Posts Tagged ‘directed’

Programming Praxis – Topological Sort

November 19, 2010

In today’s Programming Praxis exercise, our goal is to write two functions related to directed acyclical graphs (DAGs). The first one is to check whether a given directed graph is acyclical. The second is to perform a topological sort of a DAG, which means to sort it so that no node precedes a node that leads to it. Let’s get started, shall we?

A quick import:

import Data.List

The following function is just a bit of syntactic sugar for an operation I use a few times.

with :: (a -> b) -> [a] -> (b -> b -> Bool) -> b -> [a]
with t xs eq x = filter ((eq x) . t) xs

Both functions need to find vertices with no incoming edges.

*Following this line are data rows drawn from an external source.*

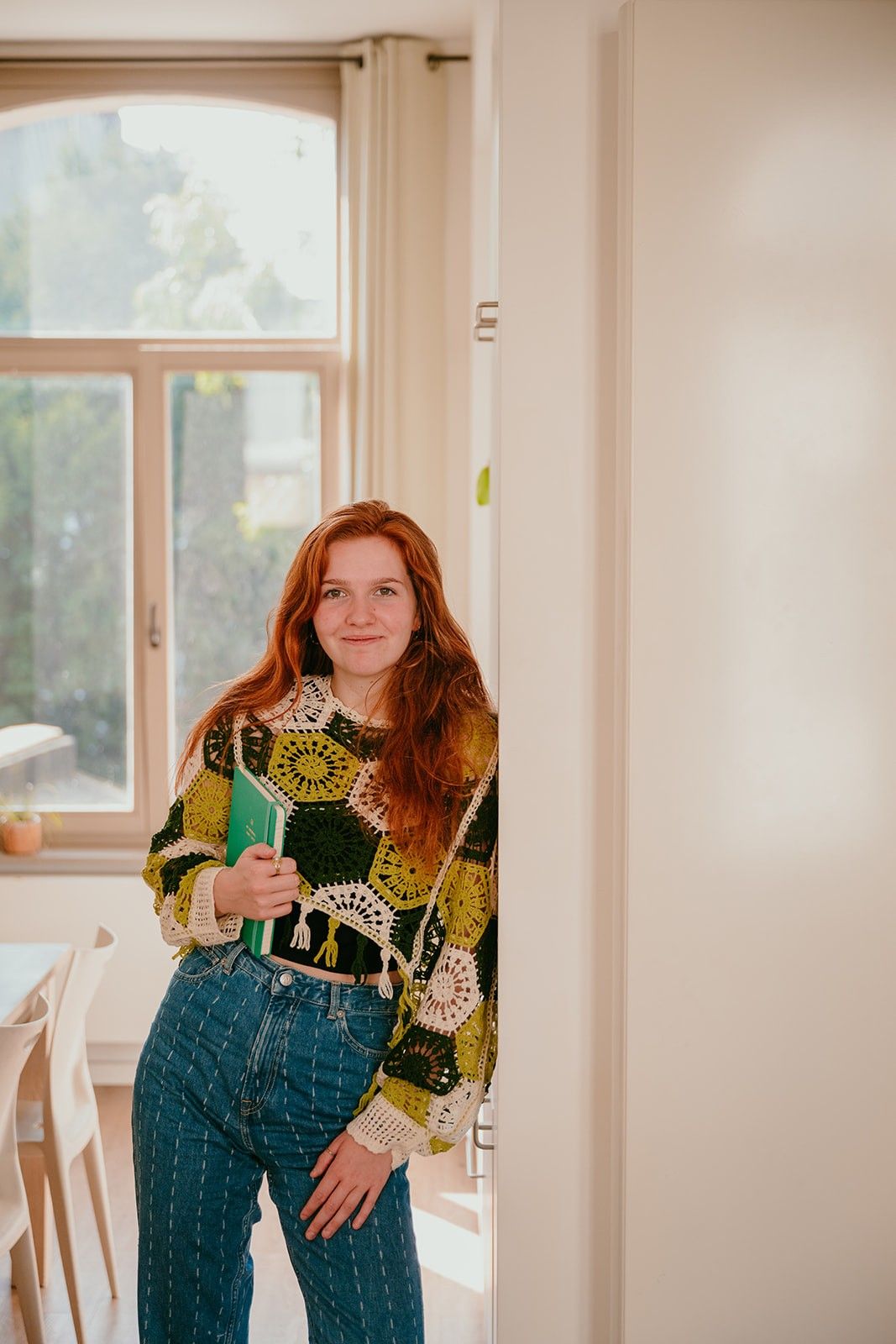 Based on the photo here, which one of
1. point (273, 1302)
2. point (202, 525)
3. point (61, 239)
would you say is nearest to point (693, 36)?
point (273, 1302)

noIncoming :: Eq a => [(a, a)] -> [a] -> Maybe a
noIncoming es = find (null . with snd es (==))

Checking if a graph is cyclical is a simple matter of recursively removing nodes with no incoming edges to see if any remain, which would mean that the graph is cyclical.

isCyclic :: Eq a => [(a, a)] -> Bool
isCyclic = not . null . until (\x -> remove x == x) remove where
    remove es = maybe es (with fst es (/=)) . noIncoming es $ map fst es

The process for topologically sorting a list is roughly similar: Find a vertex with no incoming edges, remove the edges leading from it and repeat, returning the vertices in the correct order.

tsort :: Eq a => [(a, a)] -> [a]
tsort xs = if isCyclic xs then error "cannot sort cyclic list"
           else f xs . nub . uncurry (++) $ unzip xs where
    f es vs = maybe [] (\v -> v : f (with fst es (/=) v) (delete v vs)) $
              noIncoming es vs

Some tests to see if everything is working correctly:

main :: IO ()
main = do print $ isCyclic [(3,8),(3,10),(5,11),(7,8)
          print $ isCyclic [(3,8),(3,10),(5,11),(7,8),(7,11)
          print $ tsort [(3,8),(3,10),(5,11),(7,8)

We get a different order than the Scheme solution, but as the exercise mentions there are many different possible sorts. Since we’re using a different algorithm, we get different results.